I was looking at problem A3 on the Putnam 2017 set:
Let $a$ and $b$ be real numbers with $a<b$, and let $f$ and $g$ be continuous functions from $[a,b]$ to $(0, \infty)$ such that $\int_a^b f(x)\,dx = \int_a^b g(x)\,dx$ but $f \neq g$.
For every positive integer $n$, define
$$ I_n = \int_a^b \frac{(f(x))^{n+1}}{(g(x))^n}\,dx. $$ Show that $I_1, I_2, I_3, \dots$ is an increasing sequence with $\lim_{n \to \infty} I_n = \infty$.
and attempted the following solution.
Let $X$ be the subset of $[a,b]$ such that for all $x$ in $X$, $f(x) > g(x)$. Note that from the conditions on $f$ and $g$ such a set is guaranteed to have infinite size and have least one continuous range within it.
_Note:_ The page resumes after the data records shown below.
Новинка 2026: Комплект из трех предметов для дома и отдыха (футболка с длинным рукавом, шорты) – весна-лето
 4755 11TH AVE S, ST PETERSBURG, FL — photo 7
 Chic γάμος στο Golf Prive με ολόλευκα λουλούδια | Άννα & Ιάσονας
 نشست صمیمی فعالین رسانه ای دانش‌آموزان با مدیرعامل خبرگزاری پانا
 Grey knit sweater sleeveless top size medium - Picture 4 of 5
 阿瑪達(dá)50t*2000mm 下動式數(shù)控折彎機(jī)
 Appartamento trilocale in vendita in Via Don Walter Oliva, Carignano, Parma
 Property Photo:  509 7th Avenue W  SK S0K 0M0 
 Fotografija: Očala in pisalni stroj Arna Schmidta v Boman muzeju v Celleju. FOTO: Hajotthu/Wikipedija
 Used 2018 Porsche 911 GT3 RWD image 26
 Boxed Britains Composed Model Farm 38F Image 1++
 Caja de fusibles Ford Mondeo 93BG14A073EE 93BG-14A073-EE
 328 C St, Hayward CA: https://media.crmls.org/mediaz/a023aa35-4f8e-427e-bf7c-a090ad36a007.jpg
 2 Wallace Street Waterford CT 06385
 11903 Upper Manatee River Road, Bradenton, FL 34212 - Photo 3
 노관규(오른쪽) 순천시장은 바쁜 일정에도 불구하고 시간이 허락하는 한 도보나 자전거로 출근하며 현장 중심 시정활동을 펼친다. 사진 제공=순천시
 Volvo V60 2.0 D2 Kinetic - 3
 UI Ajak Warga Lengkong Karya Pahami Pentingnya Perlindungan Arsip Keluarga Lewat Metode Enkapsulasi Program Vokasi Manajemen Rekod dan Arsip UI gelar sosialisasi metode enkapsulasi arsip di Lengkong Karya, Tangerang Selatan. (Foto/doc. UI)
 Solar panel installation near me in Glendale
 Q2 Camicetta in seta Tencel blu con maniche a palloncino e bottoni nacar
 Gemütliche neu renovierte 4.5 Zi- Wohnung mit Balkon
The above integral can be rewritten $$ \int_X \frac{(f(x))^{n+1}}{(g(x))^n}\,dx + \int_{[a,b]-X} \frac{(f(x))^{n+1}}{(g(x))^n}\,dx$$
We then take any $x_0$ in $X$, and observe that $$\lim_{n\rightarrow\infty} \frac{(f(x_0))^{n+1}}{(g(x_0))^n} = \lim_{n\rightarrow\infty} \left( \frac{f(x_0)}{g(x_0)} \right)^n f(x_0) = \infty$$ because $f(x_0) / g(x_0) > 1$ and $f(x_0) > 0$. (Also both are constant in respect to $n$).
Since every point in the left integral goes to infinity with $n$, the integral itself will as well. We can also see that the right integral must be positive with the fact that the ranges of $f$ and $g$ are positive. Therefore the original integral, $I_n$, also goes to infinity with $n$.
I am suspicious that there is an error somewhere. I have not seen this solution when looking through other solutions online, plus this solution would also be sufficient for $(f(x))^n / (g(x))^n$ (without the $+1$ in the top exponent), which seems odd. Is this a valid solution?